## [Data for analysis]

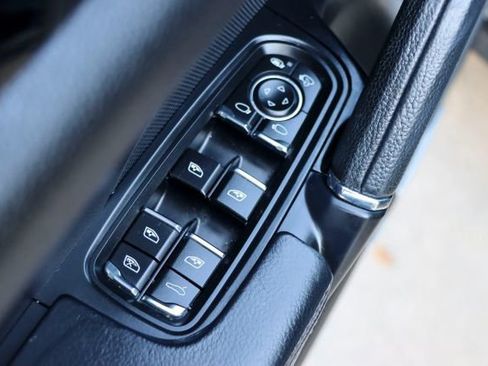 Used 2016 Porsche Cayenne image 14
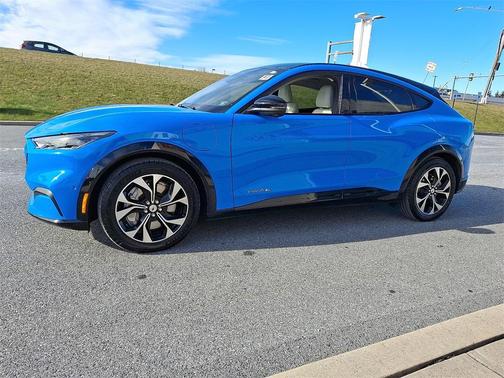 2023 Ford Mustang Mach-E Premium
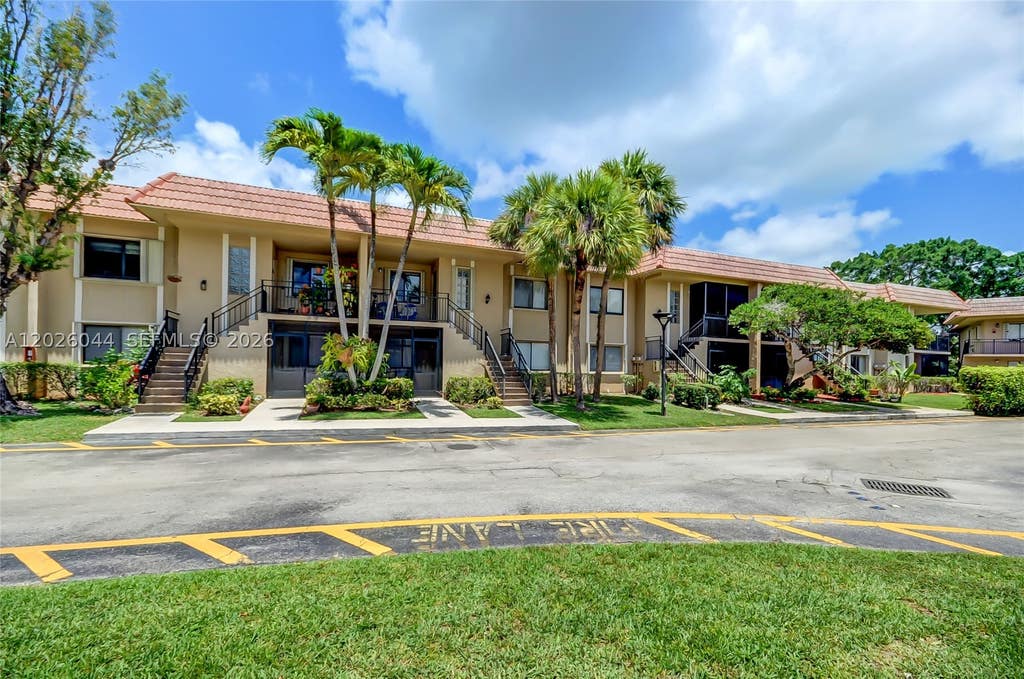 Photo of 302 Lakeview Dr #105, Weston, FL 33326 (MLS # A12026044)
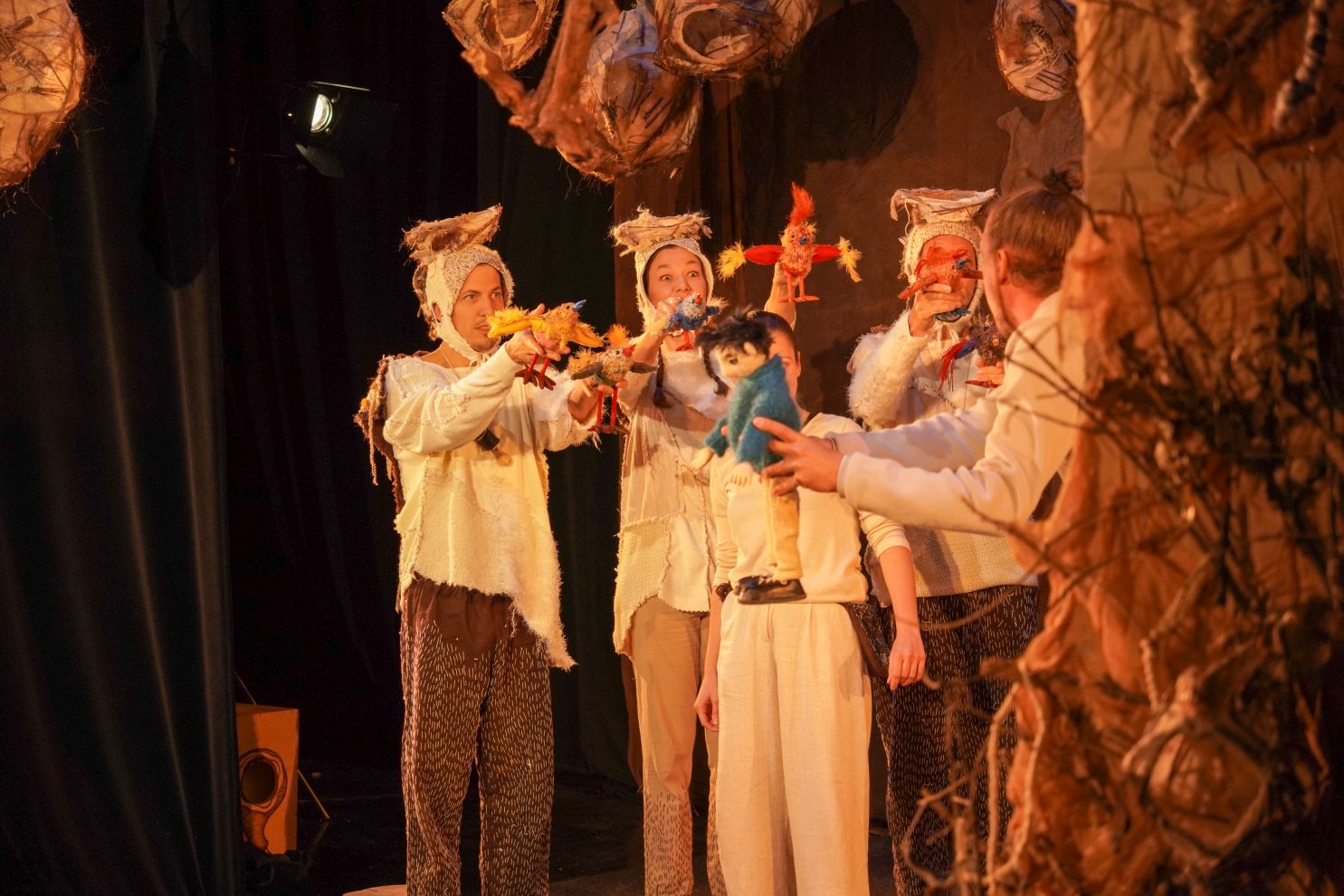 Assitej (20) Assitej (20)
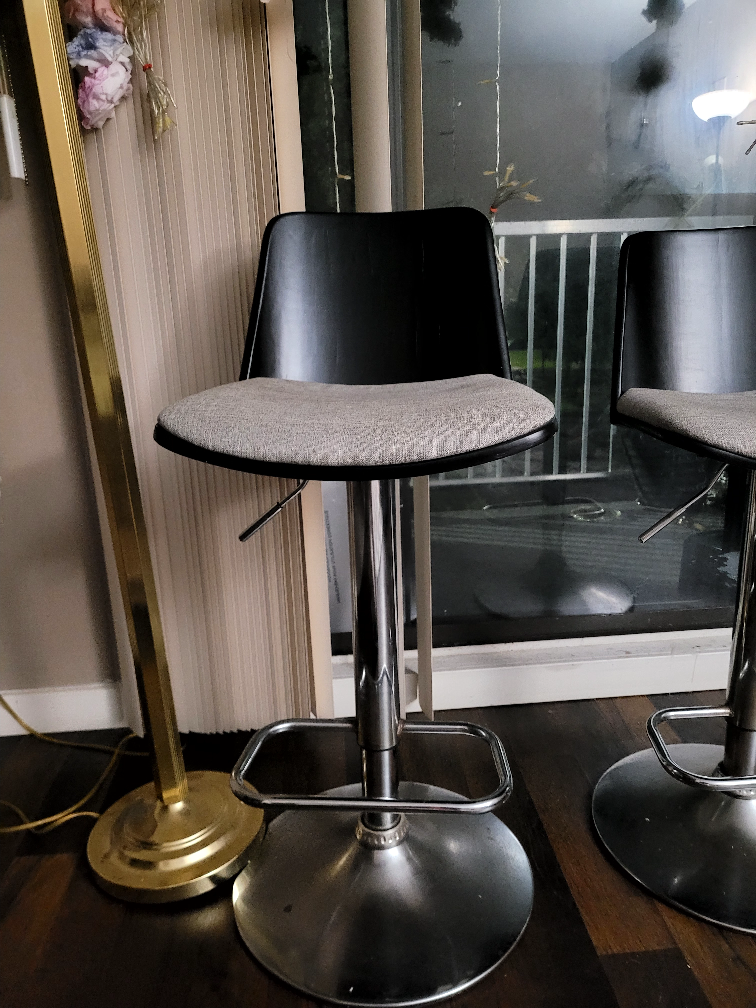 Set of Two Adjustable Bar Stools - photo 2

## [Required work]
Transcribe the records above exactly, excluding every picture.

## [Solution to this task]
 Used 2016 Porsche Cayenne image 14
 2023 Ford Mustang Mach-E Premium
 Photo of 302 Lakeview Dr #105, Weston, FL 33326 (MLS # A12026044)
 Assitej (20) Assitej (20)
 Set of Two Adjustable Bar Stools - photo 2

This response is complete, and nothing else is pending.